Grossa and Prometeo are the chunkier weaves. Look great, but definitely noticeable close up as something that is 'not a normal tie' (to the uninitiated). More likely to snag.

Fina and Piccola are finer. There's not much between them to be honest. They have a texture that I find very appealing, but it is much more understated (i.e. someone may think it looks good without noting that the tie is doing part of the work).

I use grenadines when others would reach for satin (e.g. my funeral tie is a black fina).


----------



## Balfour (Mar 23, 2012)

This is also worth reading: 

You don't need to go beyond four-fold.

Grenadine knots fairly largely. If you want a smaller knot (as is my preference; 4-in-hand always), then David can accommodate this.


----------



## AldenPyle (Oct 8, 2006)

Thanks!


----------



## adept (Jun 9, 2015)

Interesting...



ROI said:


> I find the most useful color is yellow.


----------



## adept (Jun 9, 2015)

Completely understandable. However, I appreciate a rig that succeeds in incorporating a green tie. Takes the right accessories, creativity, but when done right it is very unique. Now, if the concept just doesn't appeal to you, then it won't make any difference.



> I would personally steer clear of green - I had a green grenadine once, but disliked it and it found a home on the secondary market.


----------



## Balfour (Mar 23, 2012)

adept said:


> Completely understandable. However, I appreciate a rig that succeeds in incorporating a green tie. Takes the right accessories, creativity, but when done right it is very unique. Now, if the concept just doesn't appeal to you, then it won't make any difference.


What do you like it with? I personally don't think it works well with grey suits and with navy it's a bit blah. What accessories did you have in mind?

The problem with grenadine of course is that we are normally talking about solid green (albeit there are patterned grenadines). I agree that a green patterned tie (as an accent colour in an ancient madder, for example) can work extremely well.


----------



## SlideGuitarist (Apr 23, 2013)

I did get the forest green, and I love it. As it happens, I simply _like_ the play of dark blue and green. I don't like green on gray, but I'm certainly not going to rule against anyone else's color sense. As for your first grenadine, why not the blue, which is lighter than navy, lighter than royal blue (so says Mr. Winston)? If you wear ties, wine, navy, and black seem very obviously useful. These ties seem elegant to me, and I don't think I'd wear them with tweed (texture mismatch), whereas I would wear knit ties there.


----------



## LordSmoke (Dec 25, 2012)

Do tell us more, if there is more to tell. Hober was my first stop when I became interested in grenadine, but had my mind blown by the various types.
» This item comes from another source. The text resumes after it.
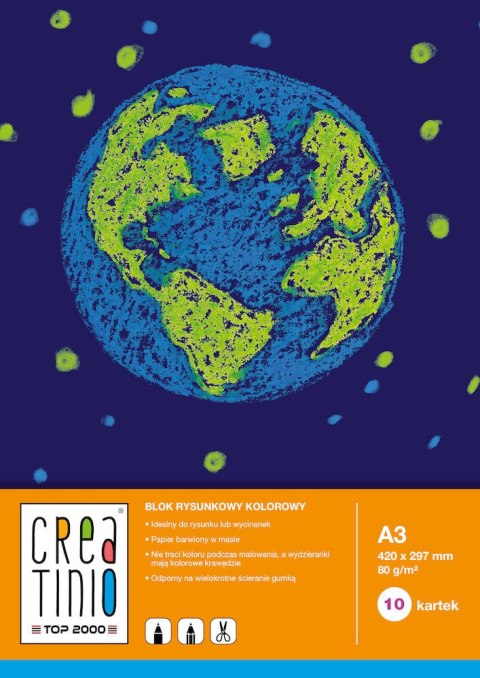 Blok rysunkowy A3 10k 80g CREATINIO kolorowy TOP 2000 400079848 Top 2000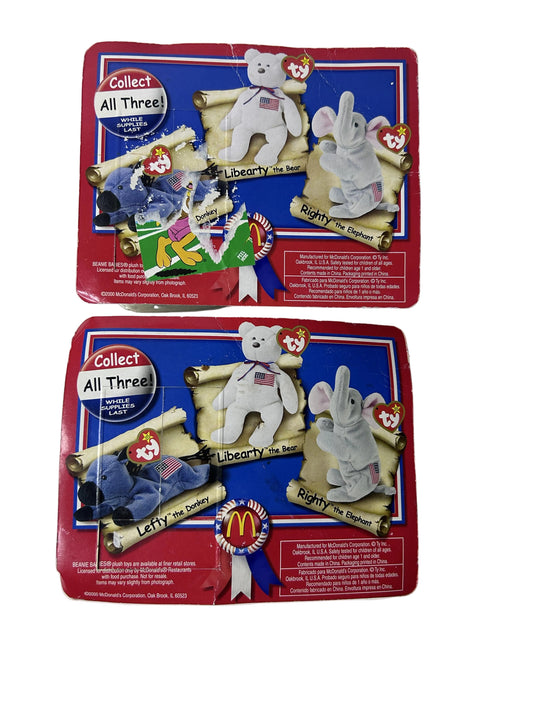 Ty Teenie Beanie Babies Libearty & Lefty 2000 McDonald's American Trio Set – New, Sealed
I susequently gravitated towards vendors that just said "grenadine", thinking theirs must somehow be a default weave.



Balfour said:


> Thank you. I love David Hober's grenadines and reach for them very (i.e. too) often. Indeed, I cannot recommend Sam Hober highly enough.
> 
> Grossa and Prometeo are the chunkier weaves. Look great, but definitely noticeable close up as something that is 'not a normal tie' (to the uninitiated). More likely to snag.
> 
> ...


----------



## LordSmoke (Dec 25, 2012)

And are there situations/styles for which grenadine is inappropriate/undesirable?


----------



## Balfour (Mar 23, 2012)

Grenadine is woven in, I think, only two Italian mills (in different weaves), so those who sell grenadine ties get the silk from a limited number of places.
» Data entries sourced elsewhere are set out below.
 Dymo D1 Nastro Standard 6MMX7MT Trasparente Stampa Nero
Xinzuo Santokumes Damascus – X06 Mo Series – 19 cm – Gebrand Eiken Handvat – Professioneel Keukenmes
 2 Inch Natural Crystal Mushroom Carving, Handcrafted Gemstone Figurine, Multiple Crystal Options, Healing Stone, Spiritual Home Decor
Sam Hober offer exceptional value (cf Drakes: https://www.drakes.com/grenadine-ties). I understand Chipp does as well, but I have not tried their ties.

With Hober come all the joys of bespoke. In addition to having a length that works perfectly, I can have precise measurements for width, knot size, etc. All the things that OCD bespoke people enjoy. The construction quality is extremely high; the range of colours is exceptionally impressive.
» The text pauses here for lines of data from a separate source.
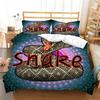 Snake Print 3D Printed Bedding Set, Reptile Down Duvet Cover, Pillowcase 2/3 Pieces, Mollusk Quilt Cover AU/DE/EU/ES Full Size Bed Cover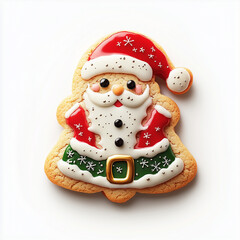 Fototapeta premium Christmas santa cookie white background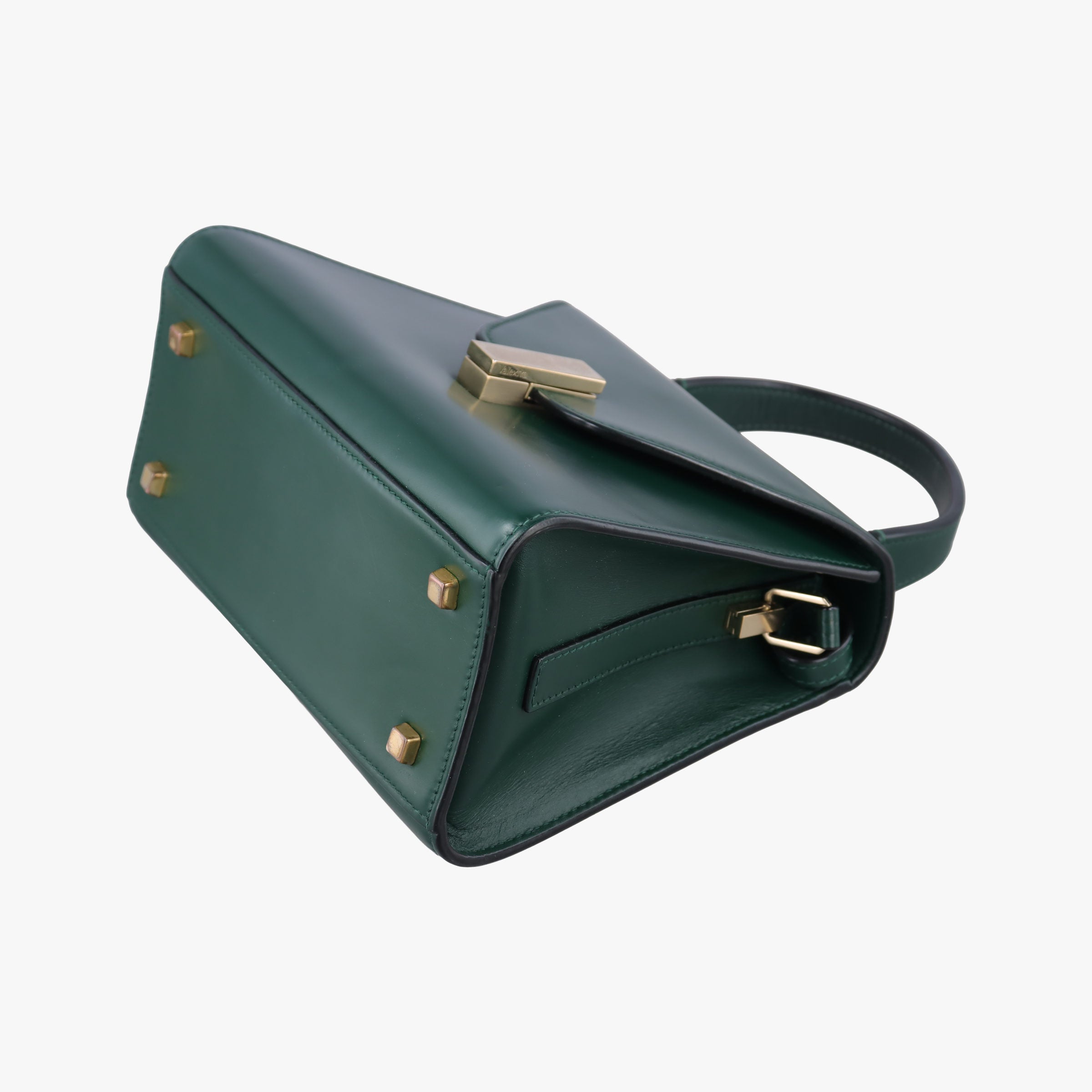 Pre-owned Valextra Iside Verde Bosco Millepunte Calf Leather  shoulderbag | stylenewstar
David is an absolute pleasure to deal with; nothing is too much trouble.

Contrary to some people's impressions, grenadine is more towards the formal end of the spectrum. It is very versatile for a range of suits and blazers. It can provide pleasing textural contrast with a worsted suit and a complimentary texture with a flannel. (I play around a lot more with texture than colours. The different looks that a navy tie in grenadine grossa, grenadine fina, oxford, ancient madder, wool and linen can produce is significant.)

I overuse grenadine. For truly smart occasions most would recommend a shiny satin, but I am quite comfortable with a grenadine fina there.

I wouldn't wear grenadine with many (if any) odd jackets other than a blazer. Nor with country suits. Certainly not tweeds. If I were wearing a plain Summer odd jacket, I would probably wear a linen tie in preference to grenadine although I would concede it might work with a cream fresco suit.


----------



## AldenPyle (Oct 8, 2006)

Any thoughts on whether the Grossa are more or less formal than the Fina? Would any of them work with an odd jacket?


----------



## Balfour (Mar 23, 2012)

I wouldn't say grossa was less formal, just slightly more noticeable (but not in a showy way). For myself, the only odd jacket I wear grenadine with is a blazer.


----------



## LordSmoke (Dec 25, 2012)

Balfour, 
Wow, glad I asked. Thanks. I don't have a grenadine, so I was actually thinking about getting one to pair with my Mears tweed jacket. I thought it would be sort of knit looking. 
Guess I will have to check around in local stores, and if I order online just send pics and ask Hober, Wang, Chipp what to recommend something for the intended use.


----------



## kev'n (Nov 8, 2016)

Just purchased my first 2 Grenadines from Mr. Winston after a lengthy back and forth for a few weeks.

#1Blue and #1Navy/Wine combination which are both superb. Looking to pair them w/ either a suit, odd jacket and trouser, or sportcoat and slacks.


----------



## FLMike (Sep 17, 2008)

kev'n said:


> Looking to pair them w/...... odd jacket and trouser, or sportcoat and slacks.


Congrats. What is the difference between the two combos above?


----------



## katch (Jun 11, 2012)

kev'n said:


> Just purchased my first 2 Grenadines from Mr. Winston after a lengthy back and forth for a few weeks.
> 
> #1Blue and #1Navy/Wine combination which are both superb. Looking to pair them w/ either a suit, odd jacket and trouser, or sportcoat and slacks.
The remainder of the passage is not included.